This week the U.S. Federal Reserve approved a quarter of a percentage point cut on interest rates.
The move came under immense pressure from President Donald Trump to slash rates while simultaneously boasting of the economy’s continued upward trajectory.
Even before the rate cuts did come, Trump said the percentage the Fed was sizing up (and indeed what it ended up passing) wasn’t enough. We don’t say this often, but Trump is right.
To be more precise, rate cuts won’t be enough to save the economy from Trump’s reckless trade policies, though they might cushion the blow. Because of the strong economy, the Federal Reserve raised interest rates four times last year. Now, seeing signs of an economic slowdown — thanks in no small part to Trump’s seemingly random hosing of tariffs on multiple trade partners — rate cuts seemed necessary.
In essence, Trump is shooting himself in the foot here. Not that it’s ever stopped him before.
Still, for all middling approval numbers, all of the virulent and vile discourse, the president and his supporters have had the economy to fall back on. No matter how loathsome the president’s behavior — which over the past two weeks has taken shape primarily in undisguised race baiting — no Republican (or Democrat, if the shoe were on the other foot) would abandon a president riding a rocket economy.
But Trump just can’t help himself. When his “America first” policy shifted over to trade, a mechanism whose workings cannot be summarized on a bumper sticker, the danger became real and the markets nervous, shifting with every tweet or utterance that threatened a tariff or withdrawal from trade agreements.
Factor in the 2017 tax cuts, which have ballooned the deficit — something the GOP used to be concerned about circa 2008-2016 — while not doing a whole lot for the average person, and a downturn is inevitable.
In fact, it’s already here. While American consumer spending remains strong, the businesses and corporations that benefited mightily from the tax cuts aren’t spending that money in the U.S., according to multiple reports, and gross domestic product rates dropped an entire percentage point in the second quarter of the year.
“The data makes one thing clear, the tax cuts did not result in a permanent shift upward in the growth path of the U.S. economy,” Joe Brusuelas, chief economist at RSM in New York told Reuters News.

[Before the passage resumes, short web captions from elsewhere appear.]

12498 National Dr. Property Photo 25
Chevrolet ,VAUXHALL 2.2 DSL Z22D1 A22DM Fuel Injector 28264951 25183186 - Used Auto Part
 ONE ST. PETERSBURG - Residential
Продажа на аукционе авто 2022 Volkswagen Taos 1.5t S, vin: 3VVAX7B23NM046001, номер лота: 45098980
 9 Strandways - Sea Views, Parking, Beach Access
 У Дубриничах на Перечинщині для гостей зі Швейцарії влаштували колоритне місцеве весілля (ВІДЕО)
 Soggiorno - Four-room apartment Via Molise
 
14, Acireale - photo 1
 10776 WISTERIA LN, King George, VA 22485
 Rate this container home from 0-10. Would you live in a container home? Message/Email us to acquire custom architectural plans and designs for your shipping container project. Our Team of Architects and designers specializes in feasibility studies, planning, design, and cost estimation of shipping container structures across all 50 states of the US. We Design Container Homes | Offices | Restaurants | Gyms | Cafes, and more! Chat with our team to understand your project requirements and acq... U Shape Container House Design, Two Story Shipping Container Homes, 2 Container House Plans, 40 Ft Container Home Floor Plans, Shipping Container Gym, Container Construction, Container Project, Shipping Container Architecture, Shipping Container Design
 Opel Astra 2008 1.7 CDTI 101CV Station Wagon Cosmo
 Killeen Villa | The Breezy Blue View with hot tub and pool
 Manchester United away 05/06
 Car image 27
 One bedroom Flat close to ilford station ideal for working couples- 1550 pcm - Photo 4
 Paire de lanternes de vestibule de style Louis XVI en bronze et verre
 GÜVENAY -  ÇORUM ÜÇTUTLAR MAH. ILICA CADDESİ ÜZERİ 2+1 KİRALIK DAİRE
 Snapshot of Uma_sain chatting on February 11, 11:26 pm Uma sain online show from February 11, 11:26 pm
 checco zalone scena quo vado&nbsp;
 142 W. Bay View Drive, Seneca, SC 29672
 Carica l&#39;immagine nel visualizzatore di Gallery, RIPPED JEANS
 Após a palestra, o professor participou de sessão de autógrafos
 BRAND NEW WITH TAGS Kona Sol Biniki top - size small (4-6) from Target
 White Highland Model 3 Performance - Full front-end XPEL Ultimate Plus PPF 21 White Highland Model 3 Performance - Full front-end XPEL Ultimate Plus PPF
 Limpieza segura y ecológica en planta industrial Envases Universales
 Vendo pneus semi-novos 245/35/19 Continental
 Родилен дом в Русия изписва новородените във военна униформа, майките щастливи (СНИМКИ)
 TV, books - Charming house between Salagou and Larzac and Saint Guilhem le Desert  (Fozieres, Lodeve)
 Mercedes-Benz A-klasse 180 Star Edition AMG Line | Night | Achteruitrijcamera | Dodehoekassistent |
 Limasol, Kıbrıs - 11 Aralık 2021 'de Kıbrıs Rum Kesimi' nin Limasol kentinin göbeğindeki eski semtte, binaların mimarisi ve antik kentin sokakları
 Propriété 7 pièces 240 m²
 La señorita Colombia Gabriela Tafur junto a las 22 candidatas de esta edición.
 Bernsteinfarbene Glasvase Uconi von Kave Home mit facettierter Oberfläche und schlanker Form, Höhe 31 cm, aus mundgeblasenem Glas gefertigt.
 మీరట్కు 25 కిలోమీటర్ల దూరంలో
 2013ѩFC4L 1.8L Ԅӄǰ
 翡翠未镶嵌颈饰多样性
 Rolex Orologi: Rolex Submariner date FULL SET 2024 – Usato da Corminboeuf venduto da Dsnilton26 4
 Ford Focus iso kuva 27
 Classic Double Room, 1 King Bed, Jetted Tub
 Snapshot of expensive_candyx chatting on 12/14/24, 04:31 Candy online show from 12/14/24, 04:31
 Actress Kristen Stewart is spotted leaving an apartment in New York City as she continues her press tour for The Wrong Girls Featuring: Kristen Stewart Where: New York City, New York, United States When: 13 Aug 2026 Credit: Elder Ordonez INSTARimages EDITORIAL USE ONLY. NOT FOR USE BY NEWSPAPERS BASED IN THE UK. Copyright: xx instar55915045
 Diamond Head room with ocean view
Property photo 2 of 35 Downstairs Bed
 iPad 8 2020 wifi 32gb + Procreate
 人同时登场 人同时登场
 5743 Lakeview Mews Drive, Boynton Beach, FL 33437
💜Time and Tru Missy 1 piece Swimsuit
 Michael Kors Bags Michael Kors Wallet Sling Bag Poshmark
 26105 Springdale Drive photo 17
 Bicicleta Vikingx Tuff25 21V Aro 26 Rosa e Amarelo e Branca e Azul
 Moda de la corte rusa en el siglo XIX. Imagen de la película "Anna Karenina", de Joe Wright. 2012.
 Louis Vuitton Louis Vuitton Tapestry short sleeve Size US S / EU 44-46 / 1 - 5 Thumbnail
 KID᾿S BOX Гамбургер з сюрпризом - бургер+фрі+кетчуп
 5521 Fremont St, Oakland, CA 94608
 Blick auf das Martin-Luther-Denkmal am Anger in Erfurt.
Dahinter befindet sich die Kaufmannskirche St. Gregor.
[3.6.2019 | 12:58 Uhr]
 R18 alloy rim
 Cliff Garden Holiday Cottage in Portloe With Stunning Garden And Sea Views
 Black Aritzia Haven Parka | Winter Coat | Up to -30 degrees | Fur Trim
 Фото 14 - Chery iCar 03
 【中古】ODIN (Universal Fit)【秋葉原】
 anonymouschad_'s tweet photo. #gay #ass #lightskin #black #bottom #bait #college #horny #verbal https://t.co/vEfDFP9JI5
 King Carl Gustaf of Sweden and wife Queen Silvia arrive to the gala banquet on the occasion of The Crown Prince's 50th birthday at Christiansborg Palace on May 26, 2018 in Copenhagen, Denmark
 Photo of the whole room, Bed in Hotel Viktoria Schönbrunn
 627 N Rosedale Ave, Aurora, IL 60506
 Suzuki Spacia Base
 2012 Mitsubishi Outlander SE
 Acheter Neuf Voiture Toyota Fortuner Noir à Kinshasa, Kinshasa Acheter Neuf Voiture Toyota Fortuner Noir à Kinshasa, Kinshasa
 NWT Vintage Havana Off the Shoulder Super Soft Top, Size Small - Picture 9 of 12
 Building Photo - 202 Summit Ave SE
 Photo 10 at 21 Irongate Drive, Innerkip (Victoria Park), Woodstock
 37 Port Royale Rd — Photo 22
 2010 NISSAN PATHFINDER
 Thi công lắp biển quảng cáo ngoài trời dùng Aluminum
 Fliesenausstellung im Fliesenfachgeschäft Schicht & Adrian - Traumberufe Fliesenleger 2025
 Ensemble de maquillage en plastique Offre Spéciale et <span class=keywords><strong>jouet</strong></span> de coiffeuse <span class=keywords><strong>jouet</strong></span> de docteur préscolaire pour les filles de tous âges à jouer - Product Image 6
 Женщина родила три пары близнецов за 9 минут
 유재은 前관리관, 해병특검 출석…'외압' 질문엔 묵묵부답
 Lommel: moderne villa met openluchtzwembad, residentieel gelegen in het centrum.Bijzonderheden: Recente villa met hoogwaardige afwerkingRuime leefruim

The U.S. is riding a wave of economic growth that has lasted 10 years. But threatening trade wars and imposing steep tariffs has its cost. Even here in West Virginia, the threat to the economy is obvious. In a recent op-ed, Leah Curry, president of Toyota Manufacturing West Virginia, took umbrage at incomprehensible remarks from Trump implying foreign automobile companies are somehow a national security threat, and imports should be reduced through tariffs. Toyota’s manufacturing plant in Putnam County employs 1,700 workers. Curry said auto tariffs would be damaging to manufacturing and workers and their families in West Virginia and beyond, as well as consumers.
“The disturbing message sent to Toyota’s American workforce is that they are neither appreciated nor valued,” Curry said.
Of course, when he was threatening foreign automakers, it probably didn’t occur to Trump how many people those companies employ through manufacturing in the U.S. The president simply doesn’t seem to know what he’s doing in picking these international fights on trade, while also cutting taxes and leaning on the Fed to bail him out. The president has put a lot of plates spinning, and, without proper restraint or a blitz course in domestic and international economics and trade, they’re going to come crashing down.
Despite a series of blunders (let’s not forget about bailing out farmers with government subsidies from China after tariffs decimated the demand for crops) Trump still has the economy in his corner. The best thing to do at this point would be to back away and let it work through the extension of those who know what they’re doing.